Sunday, July 26, 2009

New York Dolls - First Time Around

By Russell Shortt

They didn't age well, however recently they have being experiencing something of a renaissance. Their circus never fitted well with many, dismissing them as a band of freaks with nothing much going on underneath the smeared lipstick, knee boots, high heels and mini skirts. This is simply not to know your music, the Dolls are the source of so, so much that came after them. Arguably, they set the punk rock ball rolling and look where that ended up.

They looked like they came from Pluto and in many ways they had, boiled in a cauldron of dull AM radio, soft seventies feel good hits and soppy acoustic warblers, their's was a voice in the wilderness, but there were many folk dwelling in the wild. They emerged into a scene that was jaded after all the broken ideals and crushed dreams of the 1960s.

Fighting the insurmountable odds of The Man had failed, everyone had squirreled away, burrowing themselves deep into fun-time Bobbie crooning, preferring to forget. Of course, the problems still lingered rotten, and in 1971 the Dolls had decided to take them on. Their influences were diverse from 50's R&B to classic American girl groups, from post-psychedelic bands like The Stooges and MC5 to the burgeoning British glam rock scene of T-Rex and Slade.

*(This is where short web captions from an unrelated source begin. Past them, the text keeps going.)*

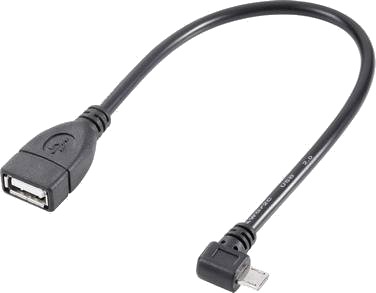 Renkforce USB-Kabel Micro-USB Til USB-A 2.0 OTG Vinklet Svart 10cm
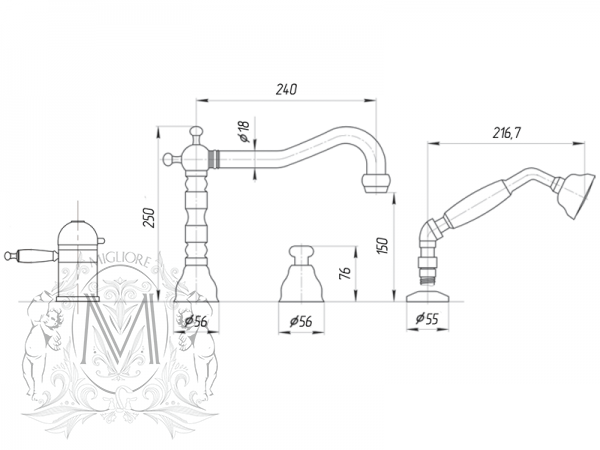Смеситель MIGLIORE Oxford ML.OXF-6358.CR с термостатом для ванны - хром ML.OXF-6358.bi.CR - Вид №2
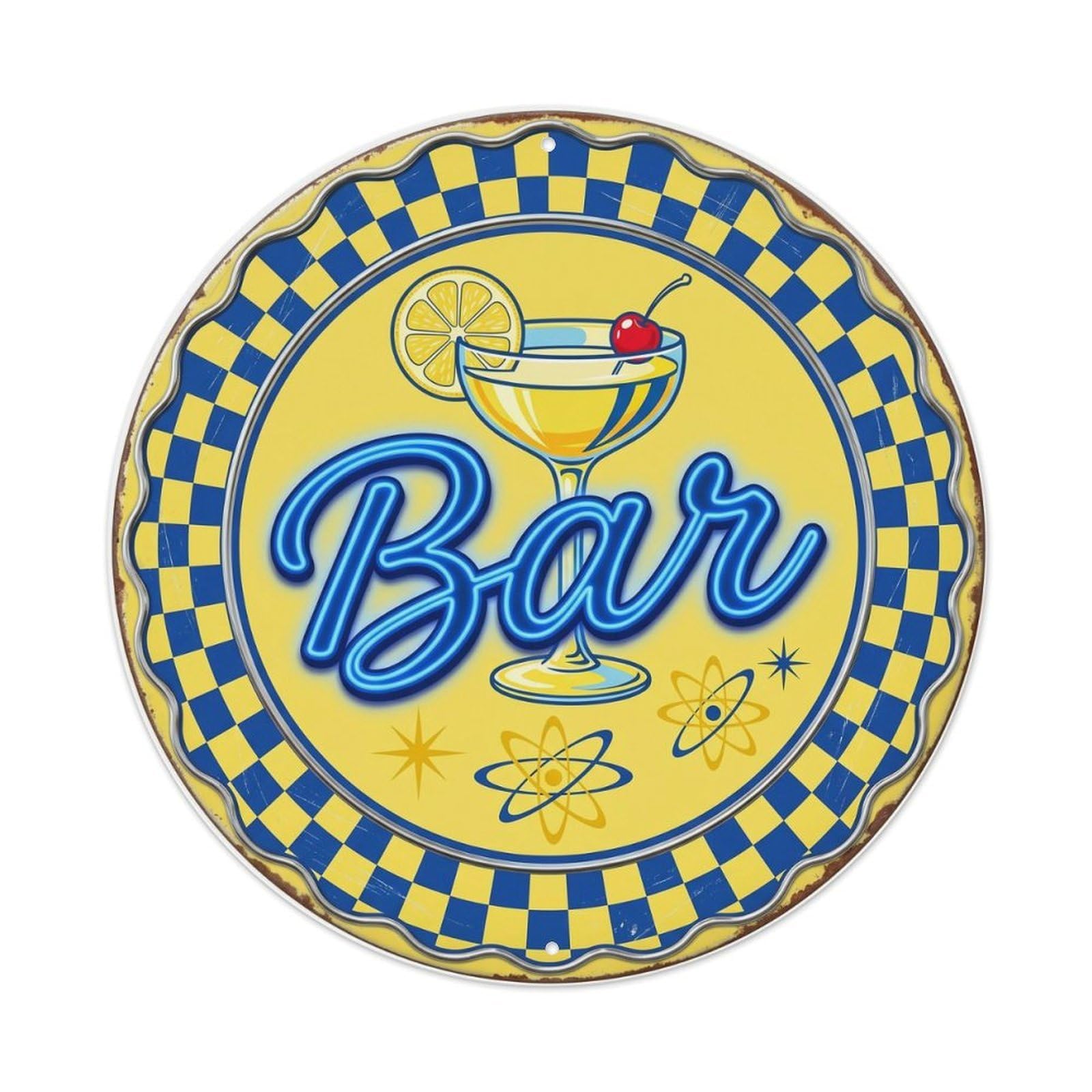 BAR Retro Pub Shield Metal Tin Sign Plaque Wall Decor for Cafe, Club Bar, Office, Home Garden Round Metal Poster 8x8Inch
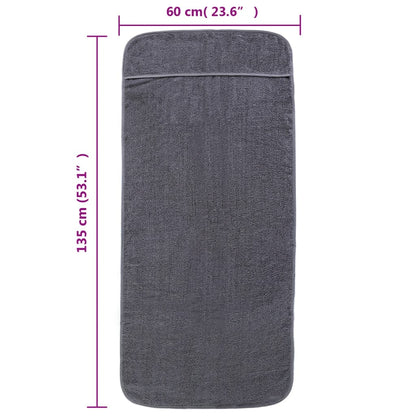 Beach Towels 2 pcs Anthracite 60x135 cm Fabric 400 GSM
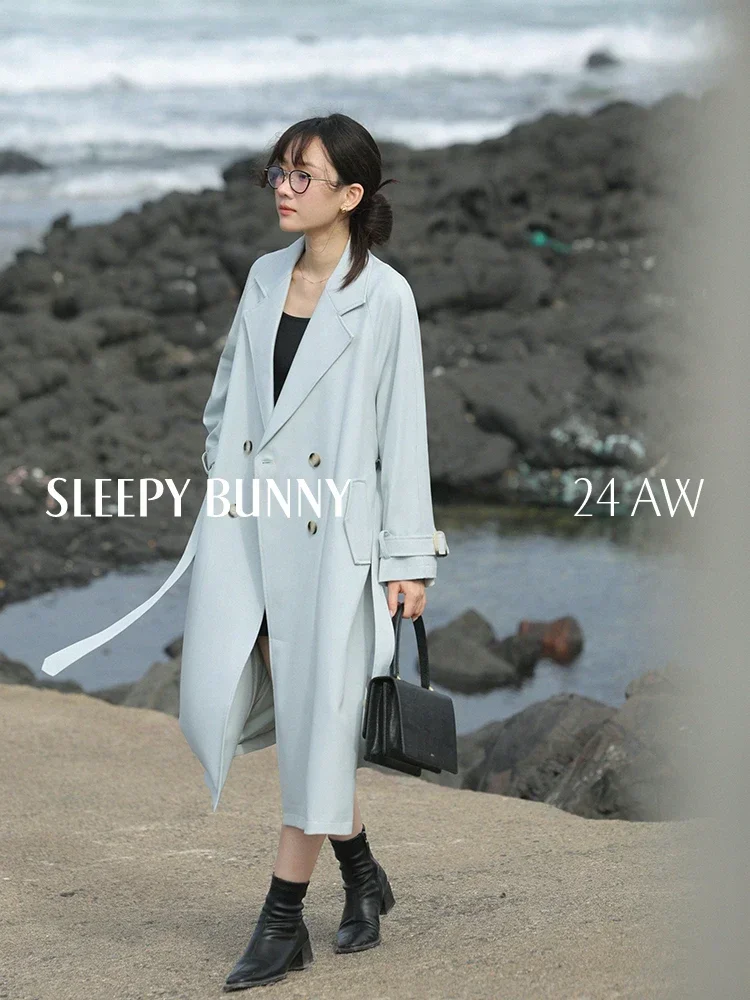 Spring Women Oversized Lapel Belted Trench Coat Long Overcoat Raglan Sleeve Casual Loose Fit Over Knee Elegant Fashion Outerwear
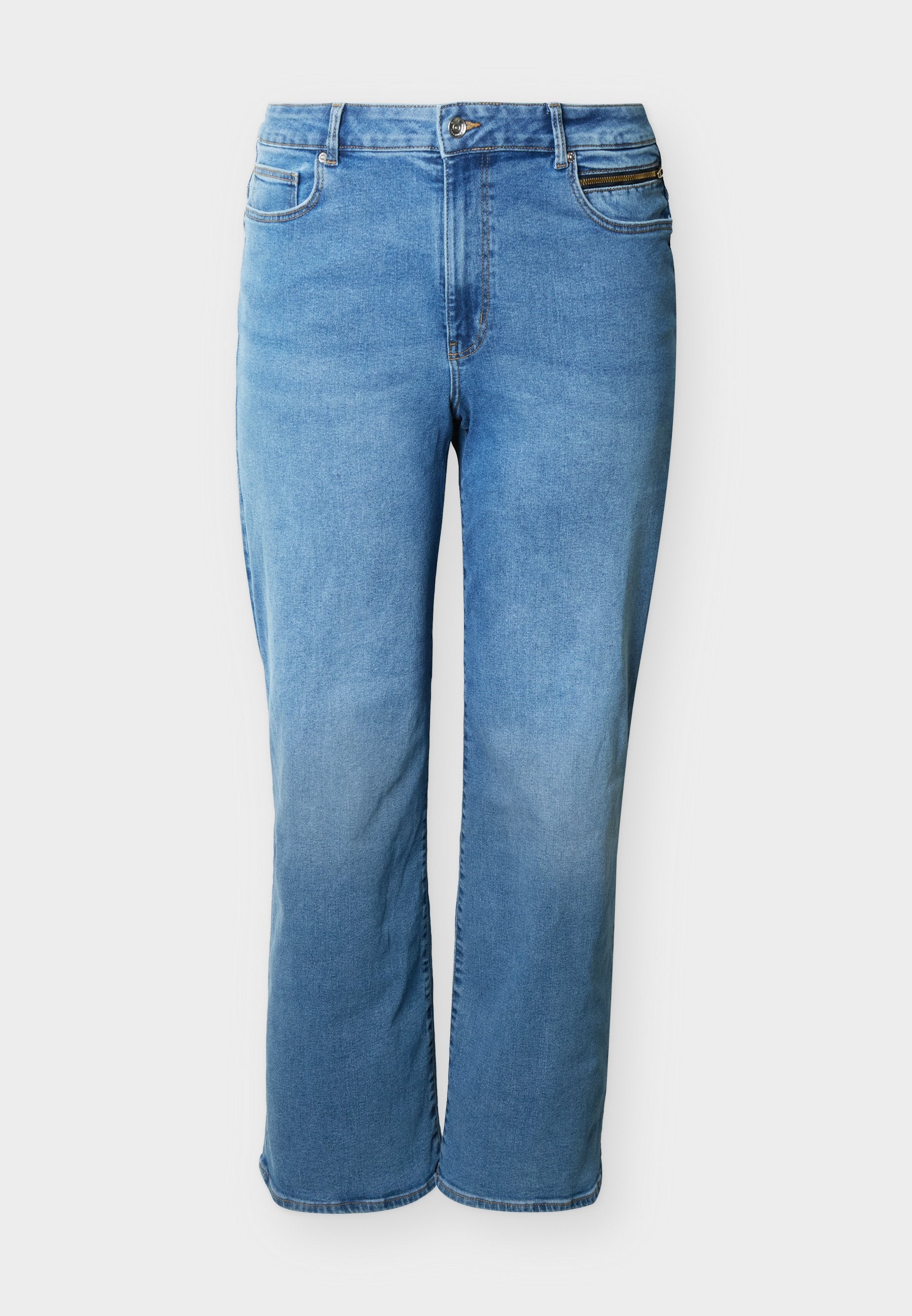 Hellblaue Jeans mit geradem Bein, Frontknopf und Reißverschluss, vorderen und hinteren Taschen sowie einer kleinen Reißverschlosstasche an der vorderen rechten Seite.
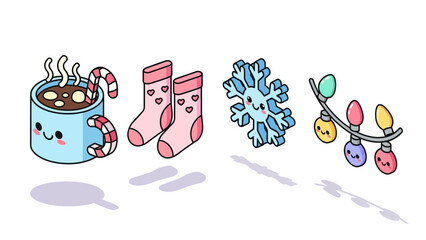 Cute winter themed cartoon illustration with hot chocolate, socks, snowflake, and string lights.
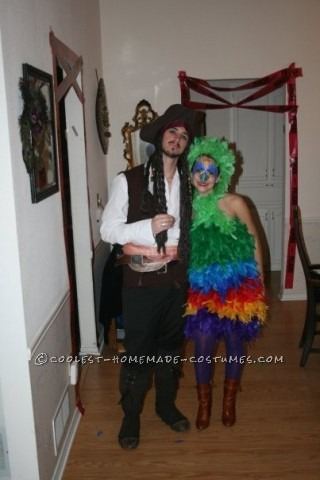 12. DIY Pirate and Parrot Couple Costume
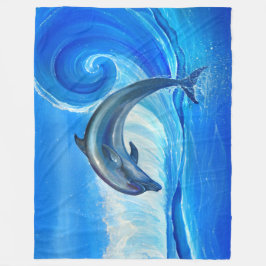 Dolphin Fleece Blanket - Eigen knuppels Deken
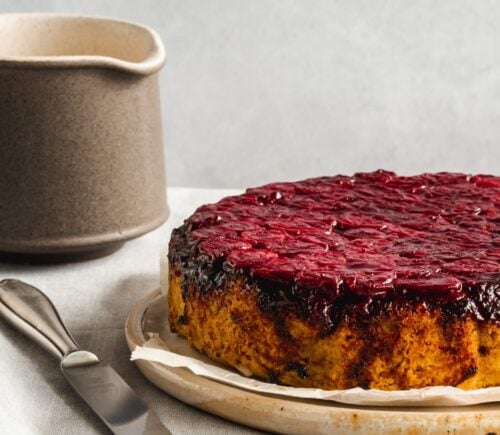 gluten-free upside down sour cherry cake with creme anglaise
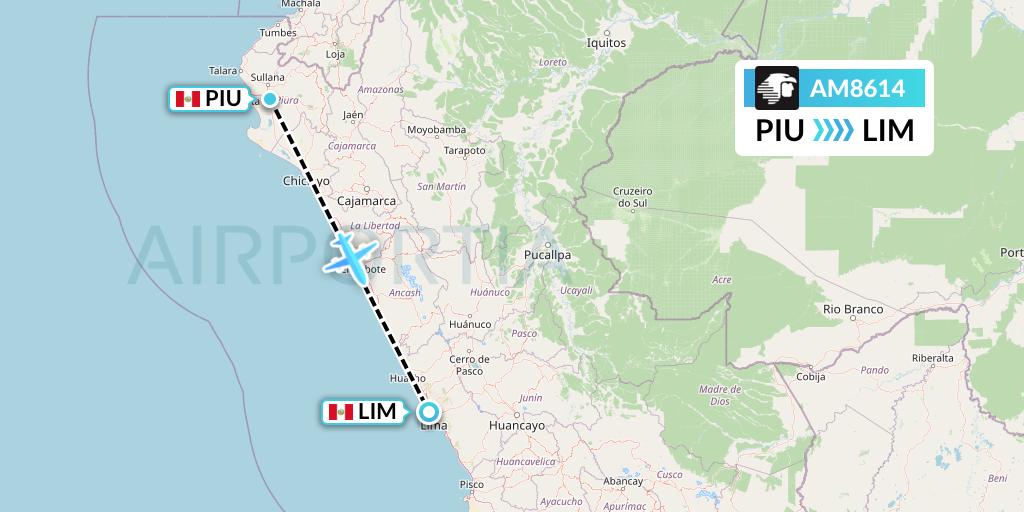 AM8614 Aeromexico Flight Map: Piura to Lima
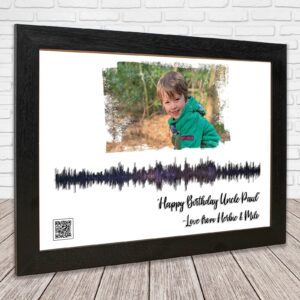 Personalised Sound Wave Photo Print, Playable QR Code, video or audio from the QR code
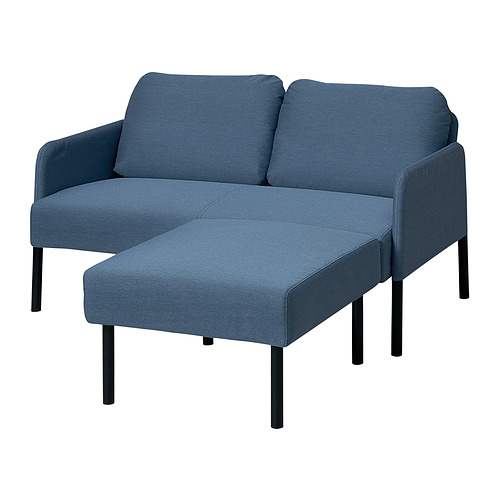 GLOSTAD 2-seat sofa with chaise longue, Knisa medium blue | IKEA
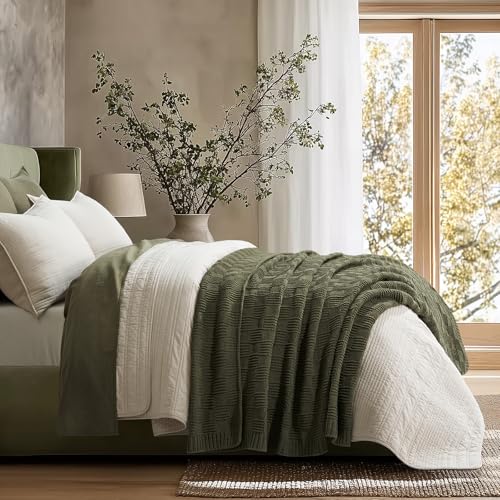 EVERGRACEHOME Modern Checkered Chenille Throw Blanket, Soft Cozy Plaid Knitted Chair Blanket for Sofa Couch, Decorative Knit Throw for Bed and Living Room, Olive Green, 50" x 60" - color: Checkered Olive Green, size: 50" x 60"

But the public never got down with the words or the music, been completely unhinged by the antics of and exhibits that were the band. With America not happening, the band re-located to London, where after playing support to Rod Stewart, they were chased by every record company in the city. However, their drummer Billy Murcia, tragically died of accidental suffocation after he passed out from drugs and alcohol at a tenement party, forcing the Dolls to beat a hasty retreat.

Of course, the slack-jawed gawker brigade turned their vulture necks in their direction, nothing like a rock and roll death to make your place in rock and roll. Momentum began to gather, the Dolls played to bigger and bigger crowds every night, eventually been signed to Mercury Records in 1973. The first record, New York Dolls (1973), faced the challenge of trying to channel the energy of their live performances, difficult, but it is a fine record.

Raw, gritty, stomping, slashing ... it's a compelling record, confused by clashing ideals, it's bloody original. Macho but prissy, technically flawed but bustling with energy, part Stones, part Ramones. They say it's punk, it isn't, not now, now it's rock and roll but it was punk before punk, meaning it paved the way for the antics of 1977, confused?

You better be ... you see it was more that the ethos was punk rather than the music. The Dolls proved that you didn't have to be The Allman Brothers to make great rock and roll. However, the public remained nonplussed, perhaps the mother's closet/Frankenstein cavern antics were too garish or too confusing, either way no-one bought the record. Pity.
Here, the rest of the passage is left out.